PROBLEM DETAILS: Using the listing below, report each line holding the string "большая".

EXTRACTED DATA:
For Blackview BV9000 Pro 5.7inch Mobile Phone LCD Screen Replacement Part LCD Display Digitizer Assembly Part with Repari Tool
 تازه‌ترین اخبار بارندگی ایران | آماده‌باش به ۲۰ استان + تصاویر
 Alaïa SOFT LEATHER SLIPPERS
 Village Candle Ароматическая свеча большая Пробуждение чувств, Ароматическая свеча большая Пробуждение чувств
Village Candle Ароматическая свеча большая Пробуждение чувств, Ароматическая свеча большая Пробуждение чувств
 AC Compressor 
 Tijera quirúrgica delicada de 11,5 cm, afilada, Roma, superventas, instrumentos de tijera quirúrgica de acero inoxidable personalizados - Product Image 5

RESULT OF THE EXERCISE:
 Village Candle Ароматическая свеча большая Пробуждение чувств, Ароматическая свеча большая Пробуждение чувств
Village Candle Ароматическая свеча большая Пробуждение чувств, Ароматическая свеча большая Пробуждение чувств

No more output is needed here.